Alarming frequency of turnovers

Although an important corridor for the oil & gas and forestry sectors, Highway 88 was never designed for the present volume, size and quantity of industrial traffic. It’s an extremely narrow roadway with nearly no shoulders.

For the sake of safety alone, we need to address these problems now.

Scarred surface

Much of Highway 88 is riddled with potholes, crumbling shoulders, and cracking & heaving asphalt.

Inches to spare

With minimal shoulders and only one lane in each direction, Highway 88 is as far too narrow for fully-laden log trucks and super B tankers to pass one another.

Most of the time, seasoned drivers manouver past oncoming traffic with mere inches to spare between the vehicles. Sometimes, they do not — resulting in near misses, oveturned loads, or worse.

Not all traffic is the same

Just one 18-wheeler at its maximum capacity causes the equivalent damage of 9,600 passenger vehicles weighing 4,000 lbs traveling in the same direction. Highway 88 was never engineered to withstand the sizes and weights of today's commercial vehicles and their payloads.

An escalating toll

As the tally of turnovers, collisions and ditched transport trucks continues to climb, so too do the resultant impacts to industry, working families, and the environmental stability of our boreal region.

This problem is not going to get better; the highway will not somehow fix itself or be utilized less.

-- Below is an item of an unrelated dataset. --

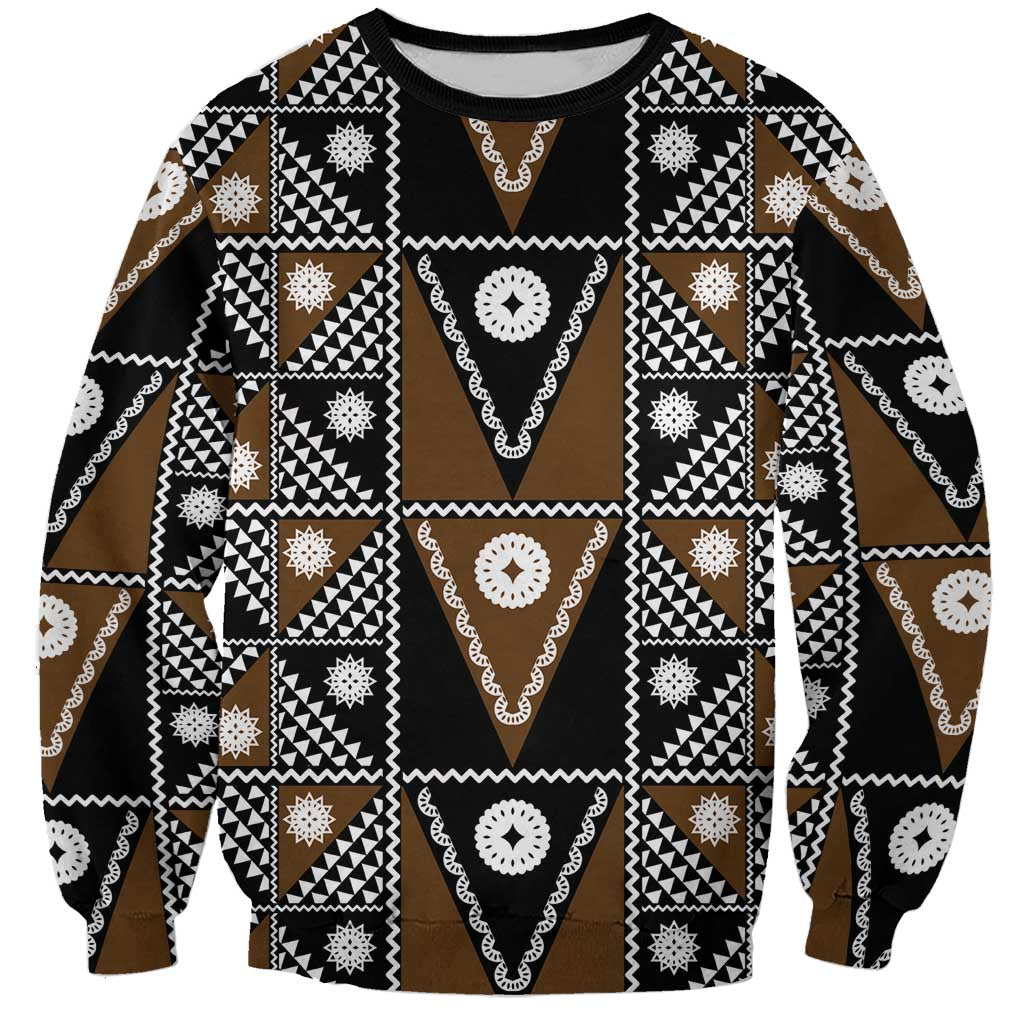 Fiji Brown Masi Pattern Sweatshirt Fijian Tapa LT01 Unisex Brown - Polynesian Pride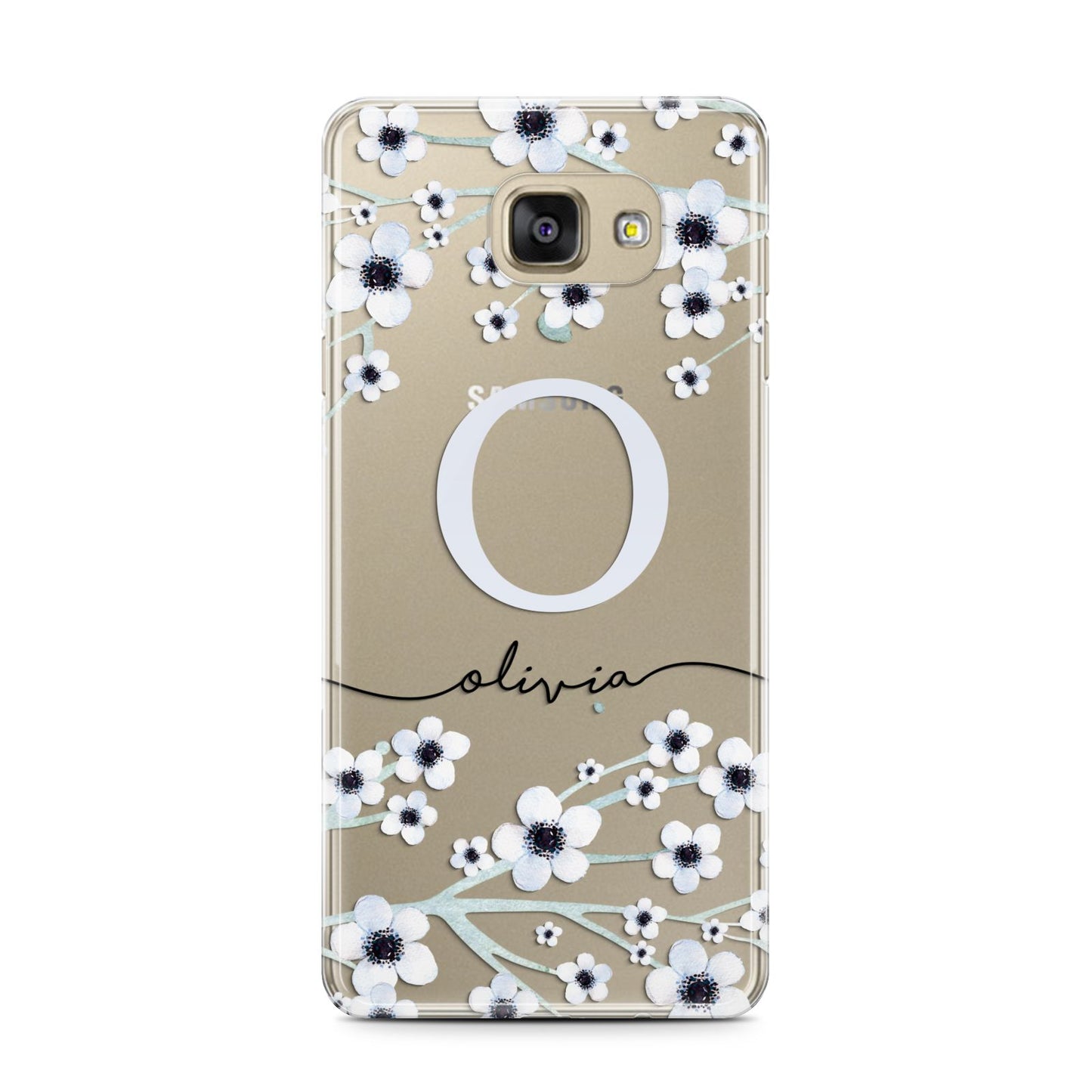 Personalised White Flower Samsung Galaxy A7 2016 Case on gold phone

It will continue to worsen — to the detriment of industry, the local economy, and Alberta’s bottom line.

Ninety two

In the past two and a half years, there have been 92 collisions along our stretch of highway 88; some resulting in serious injuries and fatalities.

The way forward

The MD continues to lobby the provincial government to commit to sensible, substantive improvements to Highway 88 — not just a fresh coat of asphalt.

This heavily-utilized highway must be brought up to modern standards. It must be widened. It must have shoulders and safe merging & turnoff lanes. Highway 88 needs to be seen for what it is: an economic corridor that produces a multitude of benefits for the people of Alberta.

Presently, there is no substantive provincial plan to properly fix Highway 88. While the Province benefits considerably from our region’s energy and forestry sectors, the primary thoroughfare for these activities continues to deteriorate.